新田菜穂子の壊された日常 55
しみるけいさんによる写真ACからの写真

≪ 四、私の顔、なんか変? 20 ≫



「そりゃそもそも直接お返事した方がいいじゃないですか」
「いや、でもですね。私まだ自分の気持ちがはっきりとしているわけじゃ……」


 さも当然だと言わんばかりの田中に菜穂子は我ながら歯切れの悪い答えを返す。

田中が腕を組み唸った。


「そんなこと言ってると、チャンスが逃げていっちゃいますよ?」
「ま、まあ……」


 真意を探るような瞳で見据えられ、菜穂子はどうにか視線を外す。

だが、顔を背けた途端、嬉しげな田中の声がした。


「あ、連絡来ました。

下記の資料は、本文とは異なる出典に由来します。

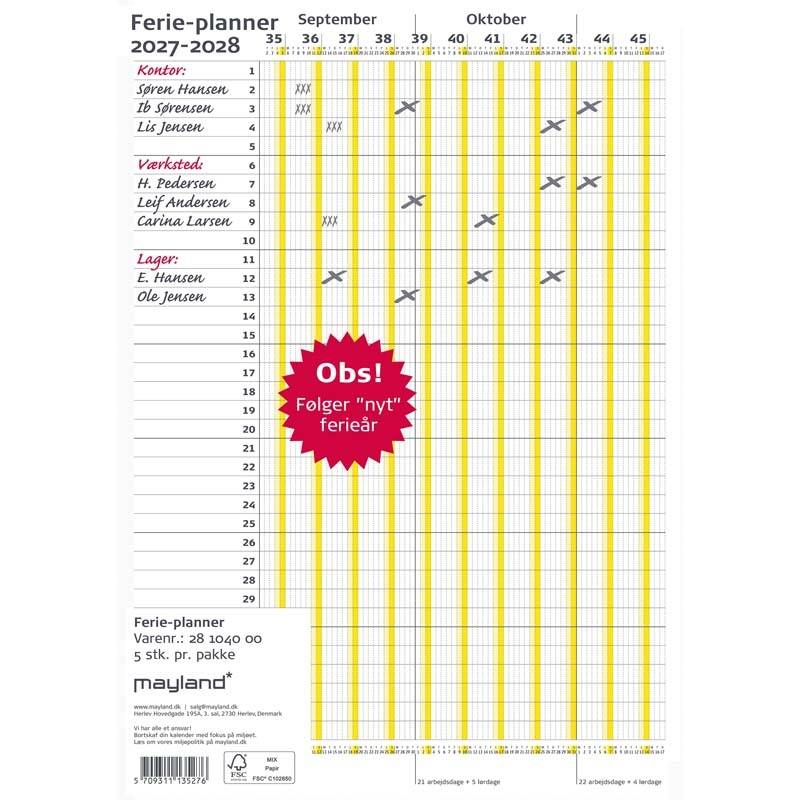 &Aring;rskalender, Mayland Ferie Planner, A4 210x297mm &aring;r: 2027/2028, Flerfarvet,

『菜穂子さんが本当に望んでくれるまで待つ』だそうですよ」
「そ、そうですか……」


 菜穂子はほっと胸を撫で下ろす。

やはり一真はわかってくれているようだ。

そう思うと、どうにもこそばゆい気持ちになってくる。

胸の内を悟られぬよう頬を掻いて誤魔化すと、田中が不満げに片眉を上げた。


「あからさまにほっとしてますね」
「い、いや、だって……」


 本当はそれだけではないのだが、正直に言うつもりはない。

何かいい言い訳はないかと逡巡していると、田中が盛大に溜め息を吐いてきた。